Equidade de gênero

18/10/2013

Equidade de gênero

Prof. Dr. Felipe Koch Buttelli1

Justiça e igualdade são duas realidades que estão intimamente ligadas. Ambas se relacionam, de modo que: onde há igualdade, há justiça. Um exemplo bastante claro disso é a imagem da deusa romana chamada Iustitia. Dizem que ela é a equivalente romana da deusa grega diké. A diferença mais clara entre as duas é que a deusa Iustitia usa uma venda nos olhos, que não lhe permite enxergar para quem a justiça está sendo feita. De acordo com a mitologia, ela só dá o seu veredito quando a balança se encontra perfeitamente equilibrada. Essa imagem que vem da mitologia romana e que está presente na nossa compreensão de direito no contexto ocidental, mostra-nos duas coisas interessantes: a primeira é que a justiça só é feita quando há equilíbrio, ou seja, igualdade na balança. A segunda é que a deusa mitológica mantém sempre seus olhos vendados, não querendo saber para quem está fazendo justiça, seja para pessoa rica ou pobre, negra ou branca, homem ou mulher. A justiça tem por princípio a igualdade.
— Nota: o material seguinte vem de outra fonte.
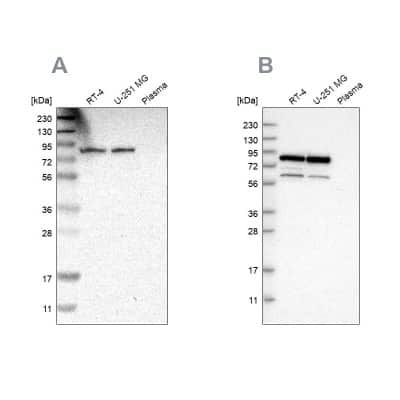 Western Blot: hHpr1-p84-Thoc1 Antibody [NBP1-89669]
Igualdade sempre foi um conceito caro para a fé cristã. Mais do que uma concepção, ela fez parte do ministério de Jesus e de seus discípulos e discípulas. Isto é algo realmente digno de menção, uma vez que o contexto judaico no qual Jesus e os discípulos e as discípulas viviam era fortemente patriarcal e os espaços e funções que cabiam a mulheres e homens eram diferenciados. Jesus teve, nesse sentido, uma postura bastante revolucionária para sua época. O Evangelho de Marcos 15.40-41, por exemplo, menciona como diversas mulheres “acompanhavam e serviam” a Jesus em seu ministério, tal qual homens o faziam. Em Lucas 8.1-3 lemos como mulheres acompanhavam Jesus e os “doze”, prestando “assistência com seus bens”, ou seja, muitas mulheres financiavam e auxiliavam no ministério de Jesus. Em João 8.1-11, onde é narrada a história da mulher pega em adultério, Jesus a protege. O critério adotado por Ele preza pela igualdade de todos os seres humanos diante de Deus e não pela desigualdade de um sistema legal patriarcal: “Aquele que dentre vós estiver sem pecado seja o primeiro que lhe atire a primeira pedra”. O critério da igualdade também é recordado pelo apóstolo Paulo na carta aos Gálatas 3.28: “Dessarte, não pode haver judeu nem grego; nem escravo nem liberto; nem homem nem mulher; porque todos vós sois um em Cristo Jesus”. A igualdade enquanto modo de vida cristã, relacionada a todos os aspectos da vida em comunidade, é mencionada nos Atos dos Apóstolos 2.44: “Todos os que creram estavam juntos e tinham tudo em comum”. Isso nos leva a identificar que tanto a prática de Jesus quanto a vida de discípulas e discípulos apontam para um senso de justiça nas relações entre as pessoas, na qual a igualdade é critério fundamental e determinante.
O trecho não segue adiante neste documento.